Reorganization, Killeen Machine, etc.

William_T_Powers4 · January 24, 1996, 6:18pm

[From Bill Powers (960124.1000 MST)]

Bruce Abbott (960123.1305 EST) --

I thought that the preferred descriptor for behavioral output was
_action_, not act.

My goal is always to pick words that indicate exactly what part of the
control process I am talking about. As Rick Marken pointed out, "Act" is
defined in the dictionary so it refers both to the output action and to
its result. "Behavior" has a similar problem. These ambiguities lead to
difficulties when we notice that actions have more than one consequence
at a time, and that the same event can be a consequence of different
prior events. If I back my car through the closed garage door, breaking
the door would qualify as an "act" or a "behavior" under many
definitions of these terms. Yet if the same consequence occurred for
some reason other than my operation of the car, it would no longer be
called an "act" or a "behavior" of mine -- for example, if the car had
been left in reverse by someone else or the accelerator pedal stuck. PCT
gives us a way to speak of _intended_ consequences and separating them
from unintended ones; it also distinguishes actions from the
consequences they affect. Even more important, it shows us how
disturbances, or independent causes, get into the picture and it unlinks
specific acts from specific consequences.
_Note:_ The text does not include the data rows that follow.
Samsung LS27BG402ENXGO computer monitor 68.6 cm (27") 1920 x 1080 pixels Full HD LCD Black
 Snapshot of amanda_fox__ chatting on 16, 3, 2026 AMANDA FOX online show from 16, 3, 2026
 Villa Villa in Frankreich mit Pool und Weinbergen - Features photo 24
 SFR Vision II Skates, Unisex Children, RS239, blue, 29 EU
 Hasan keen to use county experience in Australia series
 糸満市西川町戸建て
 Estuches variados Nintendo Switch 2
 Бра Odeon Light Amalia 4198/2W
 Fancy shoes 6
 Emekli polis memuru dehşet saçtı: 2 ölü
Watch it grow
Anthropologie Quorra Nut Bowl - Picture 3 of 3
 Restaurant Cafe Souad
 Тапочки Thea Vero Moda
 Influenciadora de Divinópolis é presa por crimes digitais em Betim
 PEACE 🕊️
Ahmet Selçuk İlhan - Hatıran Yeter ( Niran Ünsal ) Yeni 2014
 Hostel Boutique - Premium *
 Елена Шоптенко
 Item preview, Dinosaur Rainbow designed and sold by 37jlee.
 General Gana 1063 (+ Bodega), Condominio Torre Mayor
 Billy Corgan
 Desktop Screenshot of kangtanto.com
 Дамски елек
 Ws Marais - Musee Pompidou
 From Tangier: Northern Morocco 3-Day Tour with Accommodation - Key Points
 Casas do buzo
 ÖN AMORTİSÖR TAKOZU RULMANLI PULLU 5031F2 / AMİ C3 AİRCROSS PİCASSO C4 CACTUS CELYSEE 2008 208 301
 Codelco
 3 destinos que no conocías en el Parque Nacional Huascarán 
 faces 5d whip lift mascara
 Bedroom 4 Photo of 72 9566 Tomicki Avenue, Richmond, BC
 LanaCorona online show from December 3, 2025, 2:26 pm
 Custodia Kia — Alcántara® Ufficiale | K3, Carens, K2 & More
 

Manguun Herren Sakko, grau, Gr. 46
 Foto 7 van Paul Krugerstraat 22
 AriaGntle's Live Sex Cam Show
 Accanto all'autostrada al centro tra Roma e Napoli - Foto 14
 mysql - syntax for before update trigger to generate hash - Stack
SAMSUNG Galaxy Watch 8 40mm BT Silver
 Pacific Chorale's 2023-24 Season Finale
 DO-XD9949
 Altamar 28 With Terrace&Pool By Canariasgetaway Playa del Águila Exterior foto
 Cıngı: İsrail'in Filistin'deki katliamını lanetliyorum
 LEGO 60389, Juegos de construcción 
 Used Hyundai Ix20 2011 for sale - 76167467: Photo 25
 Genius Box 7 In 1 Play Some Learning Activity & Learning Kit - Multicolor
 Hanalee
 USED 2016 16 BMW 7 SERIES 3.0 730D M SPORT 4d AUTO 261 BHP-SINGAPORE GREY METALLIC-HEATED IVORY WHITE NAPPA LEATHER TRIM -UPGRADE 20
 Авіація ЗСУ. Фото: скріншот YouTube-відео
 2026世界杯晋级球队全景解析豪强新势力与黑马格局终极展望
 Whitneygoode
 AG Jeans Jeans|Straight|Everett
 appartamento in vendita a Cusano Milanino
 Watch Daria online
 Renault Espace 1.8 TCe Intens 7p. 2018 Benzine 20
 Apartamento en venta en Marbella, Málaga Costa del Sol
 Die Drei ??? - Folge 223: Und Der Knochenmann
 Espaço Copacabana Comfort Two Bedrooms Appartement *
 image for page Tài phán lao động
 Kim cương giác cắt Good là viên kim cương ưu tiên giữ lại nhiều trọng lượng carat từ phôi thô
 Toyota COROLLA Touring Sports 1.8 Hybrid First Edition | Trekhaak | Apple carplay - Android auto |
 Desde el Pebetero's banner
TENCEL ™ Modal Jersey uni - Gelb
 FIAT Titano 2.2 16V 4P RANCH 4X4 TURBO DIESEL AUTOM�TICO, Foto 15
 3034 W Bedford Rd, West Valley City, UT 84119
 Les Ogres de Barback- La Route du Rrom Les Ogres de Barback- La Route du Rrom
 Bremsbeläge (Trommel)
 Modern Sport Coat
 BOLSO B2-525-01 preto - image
We can see that learning to
produce a specific consequence is not the same as learning to produce a
specific action.

Language developed before control theory; it's not surprising that
normal usage of common terms fails to make distinctions that we now know
are important.

···

-------------------------
RE: incentives

The common view of an incentive is that it has some special power over
behavior. When a manager offers an incentive of higher pay for more
work, the naive expectation might be that more work should result. This
misconception is maintained by the fact that many people already want
more money than they are getting, so when the manager supplies a means
for getting it (doing more work) the people will take advantage of this
opportunity and work more, thus increasing their pay. Farmers, on the
other hand, are sometimes offered incentives for doing less work; in
this case, many of them take advantage of the opportunity to get the
payments by producing less work. But not all wage-earners or farmers
will behave this way.

Samuelson, in one edition of his big text on economics, footnoted the
"anomalous" fact that certain primitive people, when given a raise in
pay in the effort to get them to build roads faster, worked even fewer
hours than before. They were already getting as much pay as they wanted.
What makes something an incentive is that (a) you want it, (b) you are
getting less of it than you want, (c) a means of acting is available
(and within your abilities) which will increase the amount you are
getting, and (4) the means itself does not make your life worse in some
other regard, or overall.

It is always the organism that determines whether any given input will
give the appearance of being an incentive -- of causing a behavior that
the giver wants to see. But this appearance can be maintained only as
long as it is the organism's own actions that produce the incentive; the
incentive-giver does not actually provide any incentives directly, but
arranges the environment so that certain acts will automatically produce
the incentives. If, indeed, the incentive-giver does directly provide
the incentive, the result will be a decrease in any behavior that was
formerly producing it, not the desired increase. Welfare reformers,
please note.

Killeen and others are quite mistaken in thinking that for each
incentive given, there are so many seconds of responding that result. To
disprove this notion, all you have to do is start giving extra
incentives by arbitrarily adding them to the ones being produced by
behavior. If the incentives themselves were the cause of behavior, more
behavior should result. In fact, less behavior will result. This can't
be predicted from any organism function in which output rises when input
rises -- but it can be predicted from a PCT model in which an increase
in input reduces error (or creates an opposite error) and thus reduces
action.

Try this with any control model you have running. Just add more of the
controlled variable periodically and independently of the behavior. The
behavior will decrease.
--------------------------------------
(Bruce to Rick):
     Or in words you would rather not hear used, by reducing intrinsic
     error it leads to the cessation of reorganization, which leaves the
     current candidate reference in place or "established." Hmmm, so
     the occurrence of the incentive _does_ lead to the establishment of
     a reference for striking the key, in your view. For a moment there
     I thought you were disagreeing with me. (;->

It also leads to not pressing the key, or to pressing a key with a red
light on over it, or to turning in a circle, or to going through a
particular door -- in other words, it leads to any behavior whatsoever,
depending on the effect that behavior has on producing the incentive. So
there is no general way to link an incentive to any particular effect on
any particular behavior.

When you are dealing with a specific case, it appears that an incentive
can cause a particular act like pecking on a key. So you are misled into
thinking that this particular incentive must have something innate to do
with making animals peck on keys. You begin to think that food given
under certain circumstances must be hooked up to the pecking muscles of
this species of animal. You begin to wonder what is in the food that
gives it this special effect. You start putting adulterants into the
food, to see if you can alter its effect on key-pecking. You start
changing the external circumstances to see if that will alter the
connection between food intake and key pecking.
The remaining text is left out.